I been looking a little around and working with Ubiquiti network products at work specially their AP's and they are really good for the price so I was wondering if the Ubiquiti ER-X / EdgeRouter X router would be fast/strong enough for 200/200mbit fiber because it's really cheap or do I need to get a bigger model? and which would you recommend?


----------



## v12dock (Oct 31, 2018)

EdgeRouter X is good enough for 500mbit I believe.

https://kazoo.ga/re-visit-the-switch-in-edgerouter-x/


----------



## Solaris17 (Oct 31, 2018)

Yeah ER-x is around 500. You can an ER-lite and without QoS which I’m pretty sure you don’t do, you can line rate gig no problem

https://www.ubnt.com/edgemax/edgerouter-lite/


----------



## puma99dk| (Oct 31, 2018)

Solaris17 said:


> Yeah ER-x is around 500. You can an ER-lite and without QoS which I’m pretty sure you don’t do, you can line rate gig no problem
> 
> https://www.ubnt.com/edgemax/edgerouter-lite/



is the EdgeRouter-Lite worth the double price?

Because for the price of a ER-X and UniFi UAP-AC-Lite I can actually get Ubiquiti's AmpliFi HD Mesh Router set.

https://amplifi.com/


----------



## Solaris17 (Nov 1, 2018)

only if you plan to go over 500. I wouldnt touch amplifi, but only because I dont have much experience, but I have heard that having the extra antenna stations really makes it shine. At an added cost of course. Cant ever go wrong with a dedicated router/AP setup. If you have no intention of surpassing 500 anytime soon then the ER-X is a great little router. I give them to the onsite techs so they can temp keep peoples networks live when we are doing rack changes.

A+ really, as long as you know that units limits.


----------



## puma99dk| (Nov 1, 2018)

Solaris17 said:


> only if you plan to go over 500. I wouldnt touch amplifi, but only because I dont have much experience, but I have heard that having the extra antenna stations really makes it shine. At an added cost of course. Cant ever go wrong with a dedicated router/AP setup. If you have no intention of surpassing 500 anytime soon then the ER-X is a great little router.

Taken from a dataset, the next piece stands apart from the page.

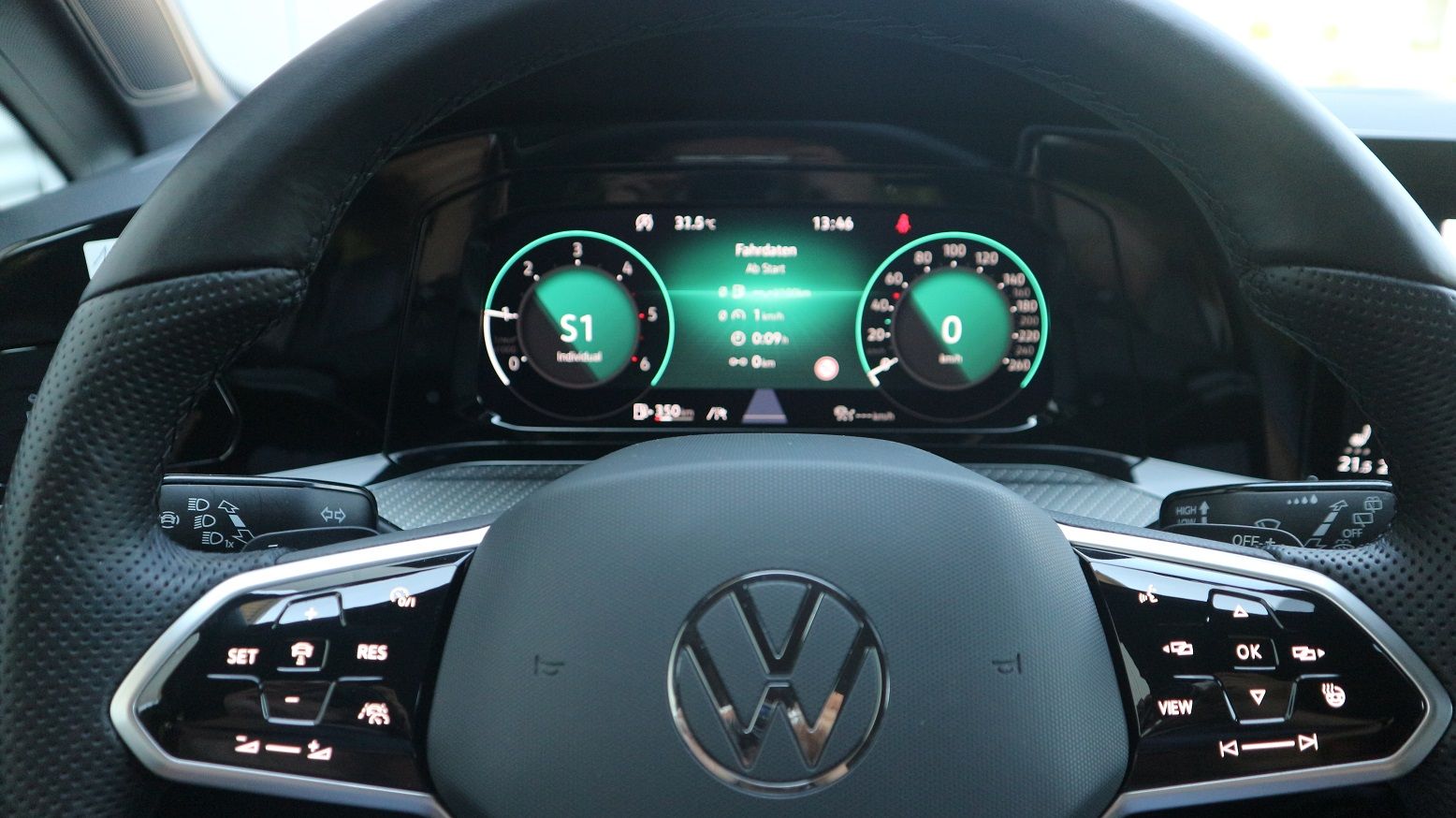 Volkswagen Golf R-Line - Samsaru's Car Outlet
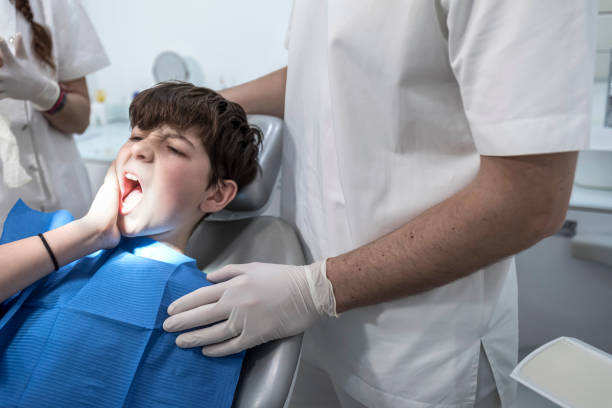 Best Cracked Tooth Emergency Dentist  in Henderson, TX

I give them to the onsite techs so they can temp keep peoples networks live when we are doing rack changes.
> 
> A+ really, as long as you know that units limits.



Hmm oki just because the price for the AmplifiHD is the same as ER-X and a UAP-AC-Lite.

Going with the EdgeRouter Lite + UAP-AC-Lite it's more expensive that's why I am asking because I need Wifi for iphone and smart tv.

I feel the AplifiHD is better value here.

*Wait* This is for the AplifiHD router only no MeshPoint so wouldn't it be enough my 2 room 52m2 apartment?


----------



## xvi (Nov 1, 2018)

I haven't dealt with many mesh units (deal with UniFi Edit: I mean AirMax mostly), but I'm generally pleased with our AmpliFi HD system at work. We were using it as a router when we first moved into our new space and it handled ~500Mbps pretty fine. We eventually brought in fiber, but had routing taken over by a MikroTik CCR1009 and we threw the AmpliFi in bridge mode. Throughput through the mesh repeaters was about 60-70Mbps for us. The AmpliFi app is decent too. If your extra APs aren't repeaters, I'm not sure if there's any advantage to getting the mesh units. There's no option to wire in the AmpliFi mesh repeaters anyways and Ubiquiti recommends getting extra AmpliFi routers if that's your desired operation.

For routers, I wish I could recommend MikroTik. They're incredibly feature rich and a killer price, but have a terrible learning curve.

I have a MikroTik RB750v2 and a UniFi AP Pro for my setup at home, but it's a bit overkill on my 1Mbps ADSL. Throughput on the AP has always been more than I've needed.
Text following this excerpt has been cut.